### [PROBLEM]
Your answer should be the exact lines of the data below from the one containing "CASA TÉRREA COM" through the one containing "José Cuervo Margarita Mix 1L"; please include nothing else.

### [DATA SHOWN]
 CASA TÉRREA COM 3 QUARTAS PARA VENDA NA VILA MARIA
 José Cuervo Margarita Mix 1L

* * *

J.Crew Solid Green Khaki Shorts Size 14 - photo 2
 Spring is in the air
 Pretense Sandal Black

### [SOLUTION TO THIS PROBLEM]
 CASA TÉRREA COM 3 QUARTAS PARA VENDA NA VILA MARIA
 José Cuervo Margarita Mix 1L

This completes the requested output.